**About this task**. Since pictures are not wanted, repeat only the text of the records, word for word.

**Data provided**.
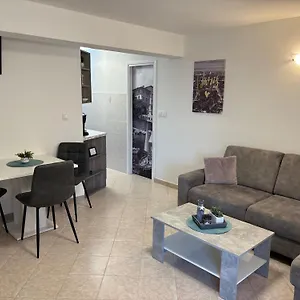 Vilma Apartament Lovran
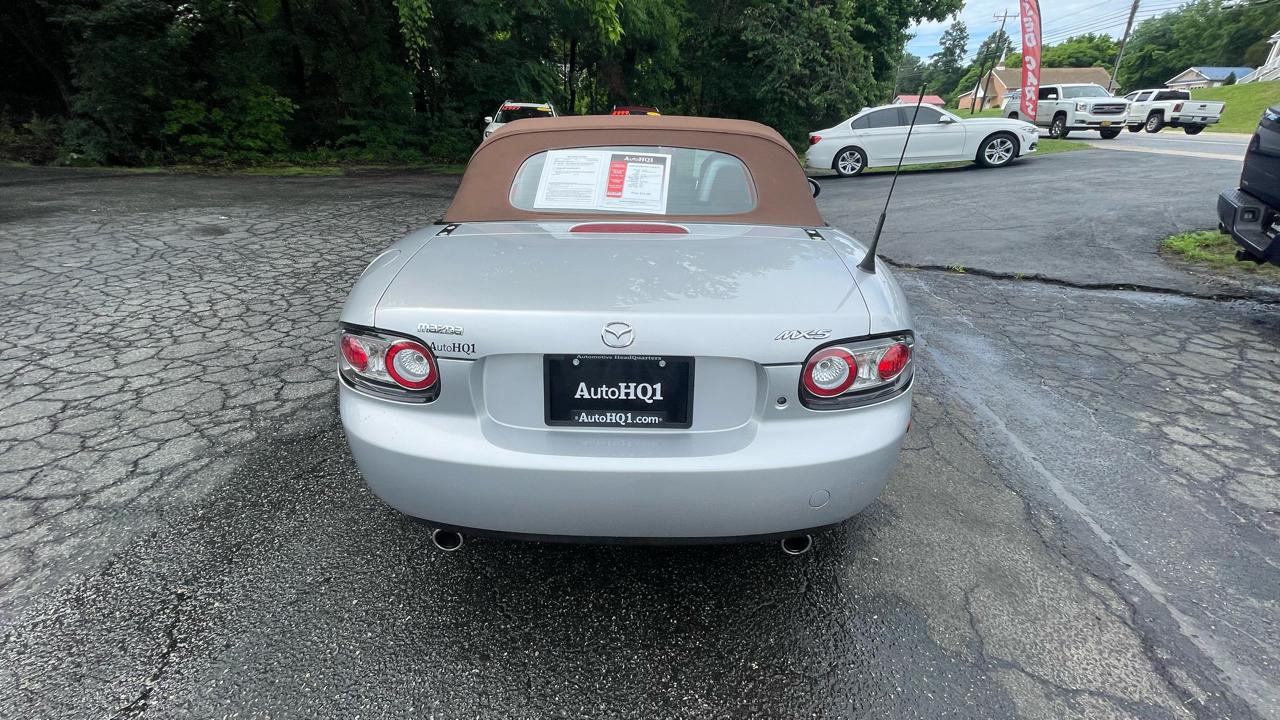 Mazda MX-5 Miata Grand Touring 2006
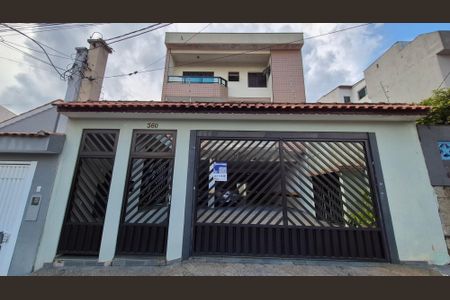 Casa à venda com 104m², 3 quartos e 2 vagasFachada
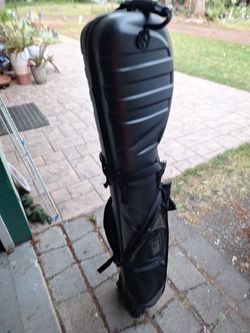 Self contained  golf travel bag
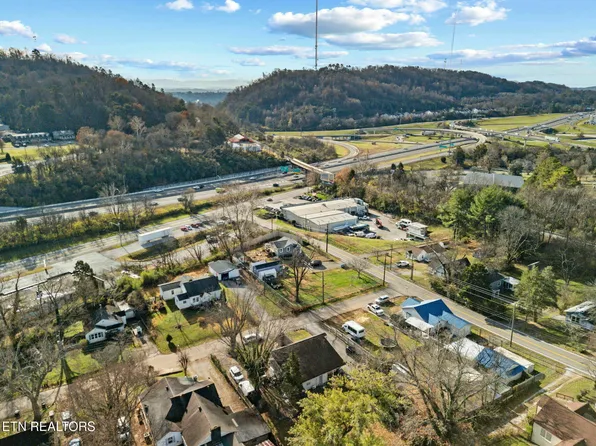 NE 405 Durbin Drive Northeast Dr, Knoxville, TN 37912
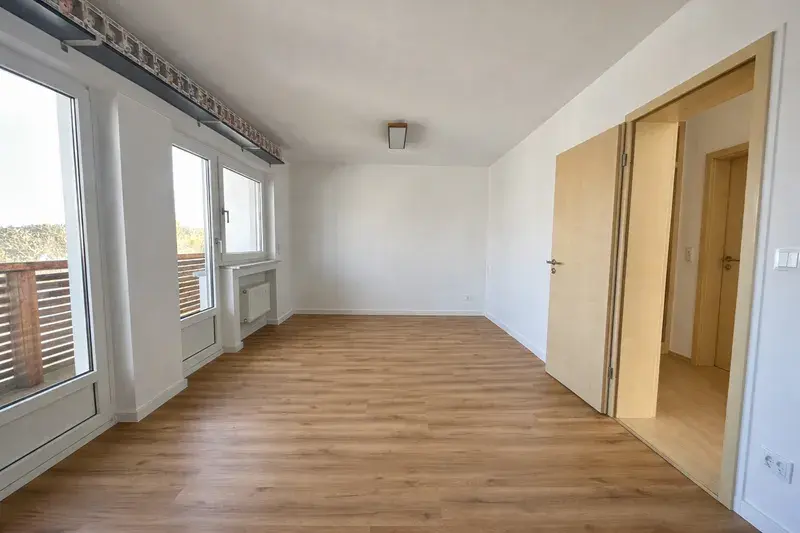 Ess-/Kochbereich mit Zugang zum Balkon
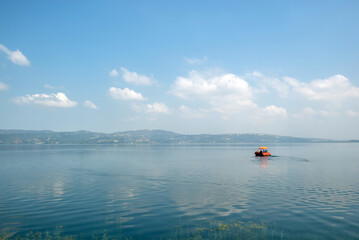 Fototapeta na wymiar Early Morning at Sapanca Lake, Sakarya, Turkey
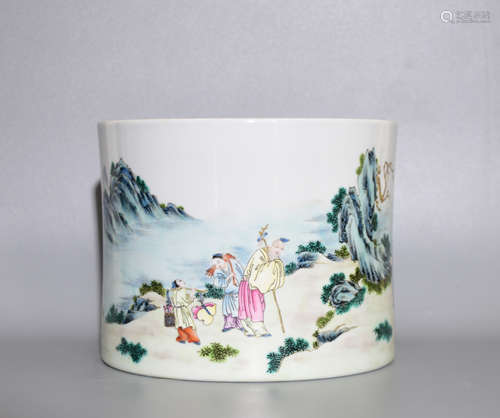 A POWDER ENAMEL PEN CONTAINER  PAINTED WITH CHARACTERS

**Reply**.
 Vilma Apartament Lovran
 Mazda MX-5 Miata Grand Touring 2006
 Casa à venda com 104m², 3 quartos e 2 vagasFachada
 Self contained  golf travel bag
 NE 405 Durbin Drive Northeast Dr, Knoxville, TN 37912
 Ess-/Kochbereich mit Zugang zum Balkon
 Fototapeta na wymiar Early Morning at Sapanca Lake, Sakarya, Turkey
 A POWDER ENAMEL PEN CONTAINER  PAINTED WITH CHARACTERS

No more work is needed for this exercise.